Ci dessous l'article de Midi Libre paru le samedi 9 janvier:
George Frêche
Que peut-on vous souhaiter pour 2010 ?
Continuer à agir et à faciliter la vie des habitants de la région. Etre sur le terrain avec mon bâton de pèlerin pour soutenir les entreprises.
Et que souhaitez-vous à M. Couderc ?
De s’occuper de Béziers et de la développer dans l’intérêt des Biterrois.
La fin d’année a été tumultueuse pour vous. Notamment sur le plan politique ?
Je ne suis pas d’accord. Cela a été tumultueux pour ma santé. Depuis, je me porte très bien. Je me suis reposé et on m’a fait des infiltrations.
Votre santé préoccupe…
Après les élections, je vais devoir me faire réopérer. On va me mettre une hanche en plastique pour pouvoir abandonner la canne. L’été dernier, on m’a opéré du bas de la colonne vertébrale, mais la jambe me fait toujours mal.
Et la santé économique de la région ?
Malgré la crise, 2009 a été fructueux. J’ai signé quatre dossiers essentiels. L’accord de financement du contournement à grande vitesse Nîmes-Montpellier est réglé et, en 2013, le TGV roulera. Nous transformerons alors le TER en un métro régional à ciel ouvert avec un cadencement de dix minutes sur Nîmes-Montpellier. Puis, ce sera au tour des lignes d’Alès et
de Perpignan. A ce sujet, nous sommes débordés par le succès de Kartatoo qui permet de voyager à tarif réduit dans les TER, bus et tramways.
Couderc veut un TER par demi-heure ?
Il brasse du vent. C’est impossible sans le contournement Montpellier-Nîmes. Il n’a pas compris que la SNCF donnait la priorité aux lignes internationales.

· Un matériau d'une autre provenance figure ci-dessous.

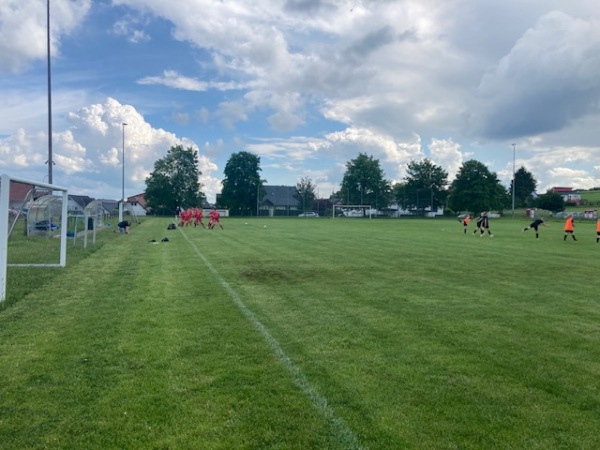 Sportplatz Grüningen - Pohlheim-Grüningen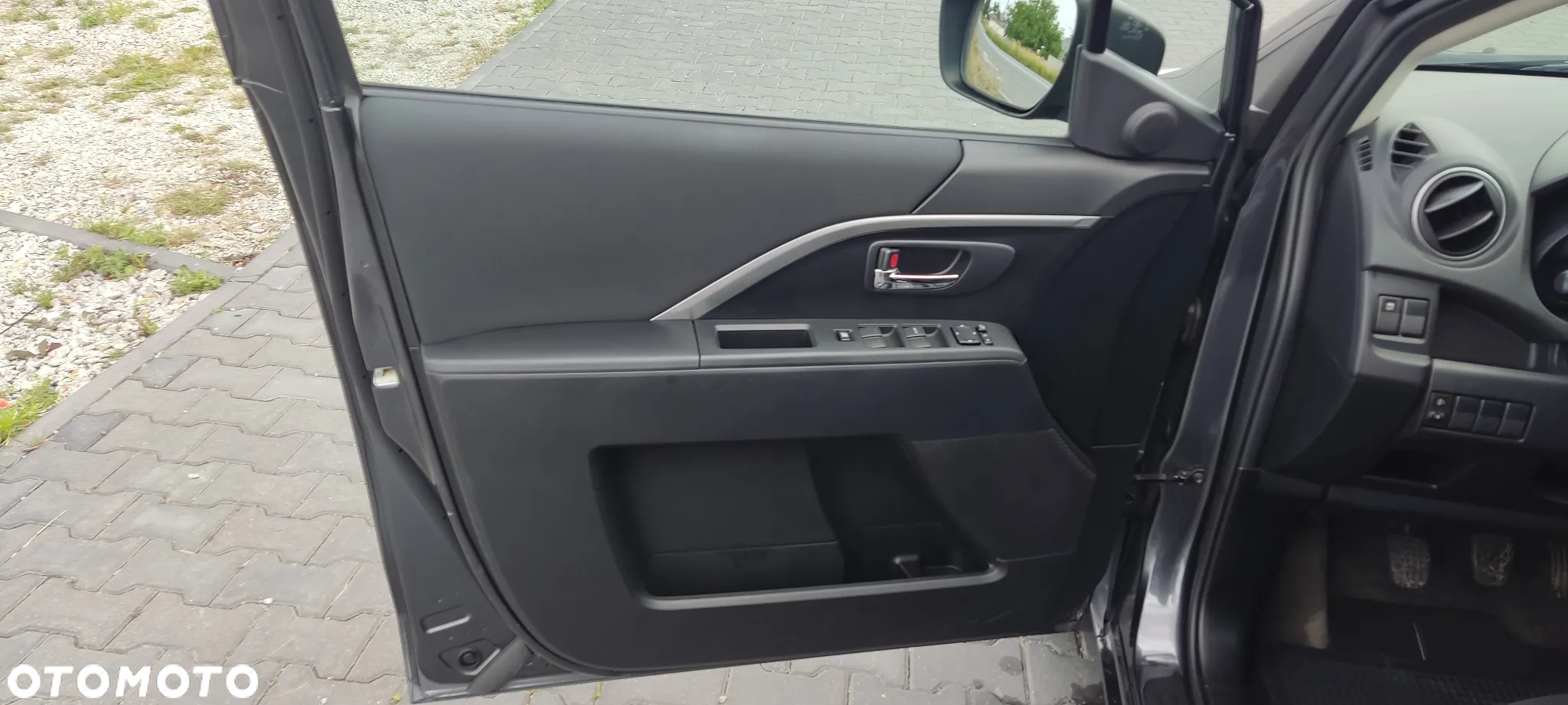 Mazda 5 1.8 Exclusive + - 29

Et les trois autres dossiers ?
C’est, avec France Télécom, la couverture totale du territoire en très haut débit : cela concerne 400 000 personnes. On a aussi conclu le plan Campus. Dans trois ans, ce projet d’université unique s’étendra aux facs de Perpignan et Nîmes. Pour ce plan, la Région donne 166,5 M€, soit la moitié de la part de l’Etat. Le quatrième dossier, c’est la future gare SNCF de Montpellier. Le financement est bouclé. Chaque année, 7 millions de voyageurs entrent chez nous par cette gare. Elle sera enfin digne de son nom.
Est-ce cela la signature "Frêche" ?
Ma signature a une valeur. Ces dossiers servent à aménager et à développer la région. Politiquement, c’est une réponse à ceux qui me reprochent d’agir seul. J’ai œuvré en partenariat avec l’Etat, l’Europe, les collectivités locales ou des groupes privés. Y compris pour le port de Sète. Nous avons lancé un appel d’offres de 500 M€ pour équiper en panneaux photovoltaïques les bâtiments de la Région. Soit une économie d’énergie qui représente la consommation de quatre villes comme Montpellier. Les 14 parcs d’activités créés vont maintenant rapporter. Ce travail me vaut d’être classé comme le meilleur gestionnaire des régions françaises par le magazine Challenges. Cela fait plaisir : de gauche mais de HEC !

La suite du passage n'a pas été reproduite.